● **ASSIGNED TASK**: Starting with the line that has "Australian Shepherd cani" in the records below and stopping after the line that has "Whooper Swan coloring", output every line exactly and nothing else; skip pictures.

● **PROVIDED MATERIAL**:
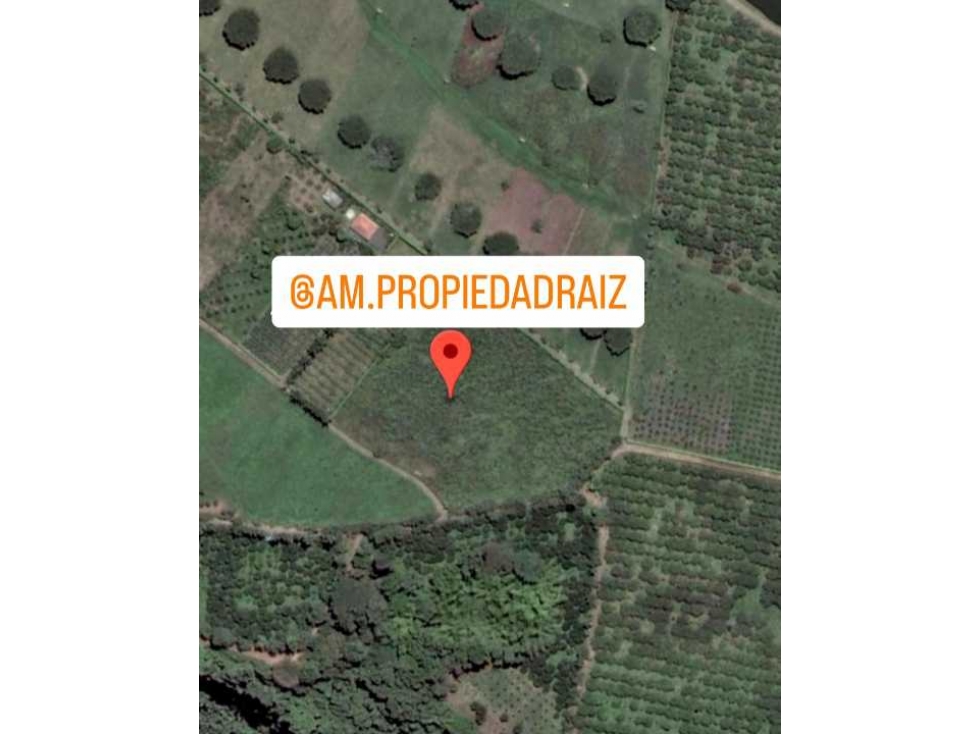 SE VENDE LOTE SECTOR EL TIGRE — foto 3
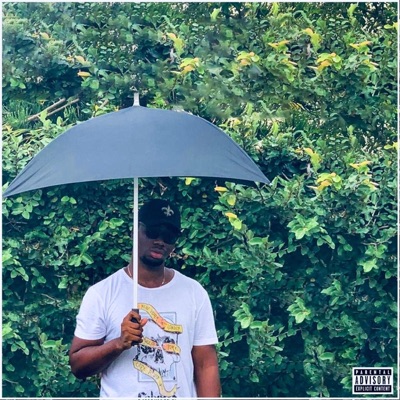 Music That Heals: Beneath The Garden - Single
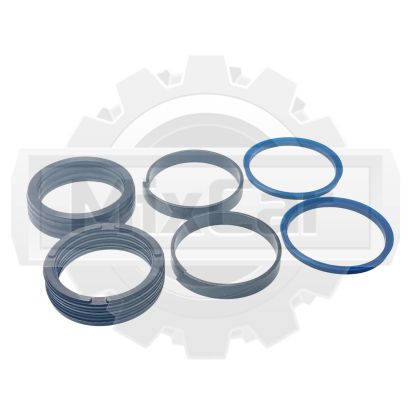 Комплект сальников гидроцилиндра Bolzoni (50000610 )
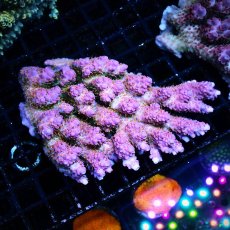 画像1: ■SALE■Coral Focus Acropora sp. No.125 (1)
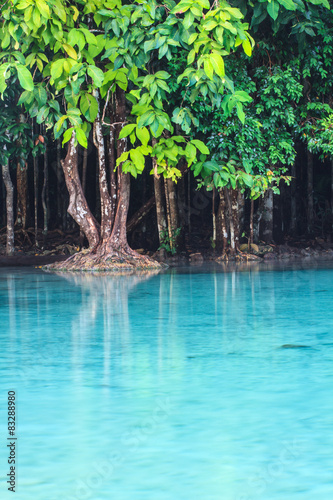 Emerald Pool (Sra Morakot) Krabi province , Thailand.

==

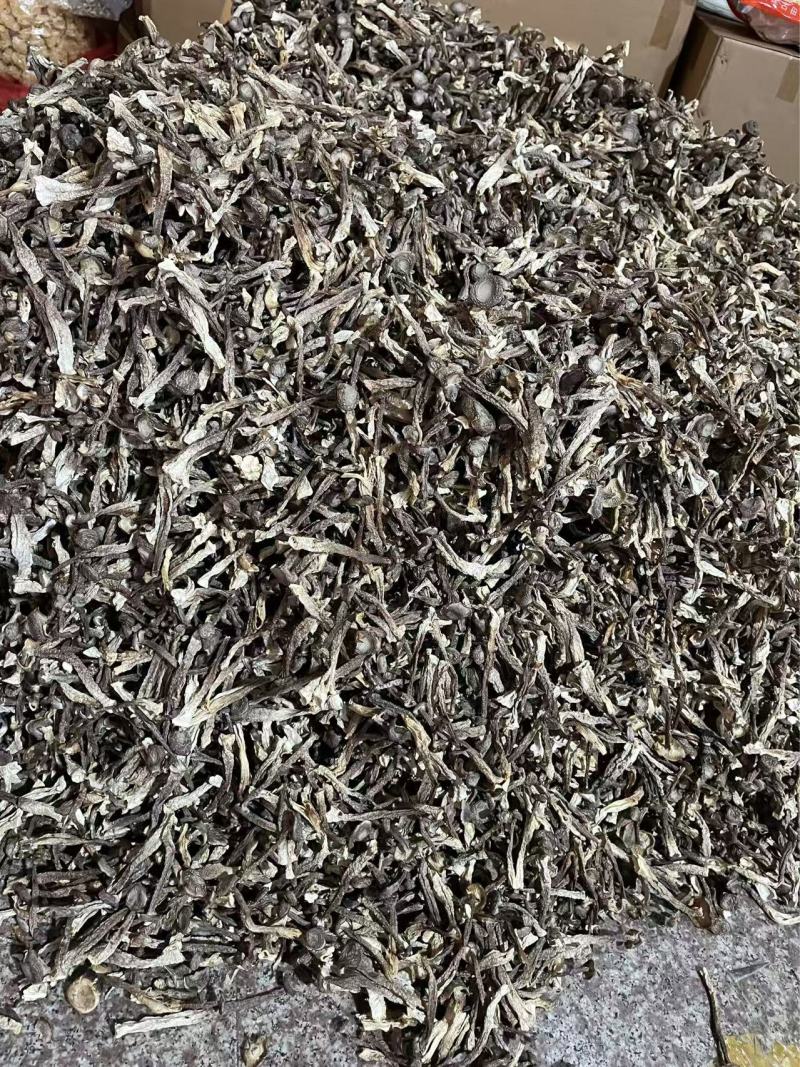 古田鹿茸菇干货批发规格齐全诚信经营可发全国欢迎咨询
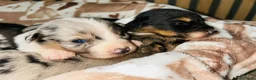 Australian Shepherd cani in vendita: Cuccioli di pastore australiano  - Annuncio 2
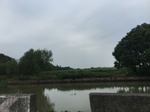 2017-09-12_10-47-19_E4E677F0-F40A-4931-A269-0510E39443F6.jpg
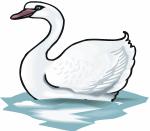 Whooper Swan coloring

● **OUTPUT FOR THIS EXERCISE**:
 Australian Shepherd cani in vendita: Cuccioli di pastore australiano  - Annuncio 2
 2017-09-12_10-47-19_E4E677F0-F40A-4931-A269-0510E39443F6.jpg
 Whooper Swan coloring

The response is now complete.